In plain English
ReAct is a prompting pattern that tells an LLM to alternate between two modes: thinking and doing. Before calling a tool the model writes a short reasoning trace ("Thought"). After the tool returns a result ("Observation"), the model thinks again. The cycle repeats until the model has enough information to write a final answer.
The name is a portmanteau: Reasoning + Acting. It was introduced in a 2022 paper by Shunyu Yao, Jeffrey Zhao, Dian Yu, Nan Du, Izhak Shafran, Karthik Narasimhan, and Yuan Cao at Google Brain and Princeton, published on arXiv as arXiv:2210.03629. Since then it has become the default pattern that almost every agent framework implements under the hood.
A useful analogy: imagine a detective who, before every interview, writes a short note in their casebook about what they expect to learn and why. After the interview they write down what actually happened and update their theory. Compare that to a detective who just acts on gut instinct, never writes anything down, and forgets earlier clues by the time a new one arrives. ReAct is the casebook habit applied to LLMs.
Why it matters
Before ReAct, two approaches existed for making LLMs more capable. Chain-of-thought (CoT) prompting asked the model to reason step by step before answering — better accuracy, but all reasoning happened inside the model's head with no ability to check the outside world. Tool use without explicit reasoning let models call APIs and functions, but without narrated thoughts the model often called the wrong tool or misread returned data.
ReAct is the combination that made both better. The reasoning trace tells the model why it is calling a tool, which reduces wrong tool choices. The tool call fetches real data, which grounds the next reasoning step in facts rather than hallucination. The original paper showed measurable gains on four benchmarks: multi-hop question answering (HotpotQA), fact verification (Fever), text-based game navigation (ALFWorld), and online shopping (WebShop). On every benchmark, ReAct outperformed either approach alone.
Why builders care about it specifically
- Debuggability — every step of reasoning is written down, so when a run fails you can read the transcript and pinpoint exactly where the model went wrong.
- Grounding — answers are built from tool output, not from the model's training-time memory, which is stale and hallucination-prone for factual questions.
- Flexibility — the same loop works with any tool set: web search, code execution, database queries, REST APIs.
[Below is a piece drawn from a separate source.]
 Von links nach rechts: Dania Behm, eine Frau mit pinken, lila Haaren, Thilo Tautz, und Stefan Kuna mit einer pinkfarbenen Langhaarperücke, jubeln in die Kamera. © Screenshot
Swap the tools; the pattern is identical.
- Composability — ReAct nodes can be nested inside larger orchestration graphs (see LangGraph) or delegated to sub-agents without changing the core loop.
- Framework convergence — because every major framework uses it, learning ReAct once transfers directly to LangChain, LlamaIndex, LangGraph, the Anthropic Agent SDK, and OpenAI Agents SDK.
How it works
A ReAct run has three repeating units. The model produces all three in order, then your harness code runs the tool and appends the Observation. The cycle continues until the model stops requesting tools.
- Thought — a free-text reasoning trace written by the model. It is not an action; it is the model planning the next action. Example: "I need the current price of gold. I'll search for it now."
- Action — a structured tool call, e.g.
web_search("gold price today"). The format depends on the framework; modern SDKs use a JSON tool-use block rather than text labels. - Observation — the result returned by the tool, injected into the context by your harness code. The model reads it on the next turn and uses it to update its Thought.
When the model has enough information it omits the Action and writes a Final Answer instead. Your harness detects the absence of a tool call and returns the answer to the caller.
A minimal annotated trace
This is what the raw text version of a ReAct trace looks like (the original paper used text labels; modern SDKs use structured blocks, but the logical structure is identical):
Task: What company made the AI model that scored highest on MMLU as of early 2024?
Thought: I need to find which AI model scored highest on MMLU in early 2024 and who made it. I'll search for that.
Action: web_search["highest MMLU score AI model 2024"]
Observation: GPT-4 scored around 86.4%, Gemini Ultra scored 90.0%, Claude 3 Opus scored 86.8% ...
Thought: Gemini Ultra's 90.0% is the highest listed. Gemini Ultra is made by Google DeepMind.
Final Answer: Google DeepMind, with Gemini Ultra scoring 90.0% on MMLU.Notice that the Thought before the Action is doing real planning work — it decides which query to run. The Thought after the Observation is doing real synthesis work — it identifies the answer from what was returned. Neither step is decorative.
How modern SDKs implement this
In a framework like LangChain or the Anthropic Agent SDK you do not write "Thought:" into your prompt manually. Instead, the SDK formats the system prompt, presents the tool list as structured schemas, and interprets the model's tool_use stop reason as the Action. The Observation is a tool_result message. The Thought is embedded in the model's text output before the tool call. The logical structure is ReAct; the wire format is JSON.
import anthropic
client = anthropic.Anthropic()
tools = [
{
"name": "web_search",
"description": "Search the web for current facts.",
"input_schema": {
"type": "object",
"properties": {"query": {"type": "string"}},
"required": ["query"]
}
}
]
def run_tool(name, args):
# Replace with a real search call in production
return f"[stub result for: {args['query']}]"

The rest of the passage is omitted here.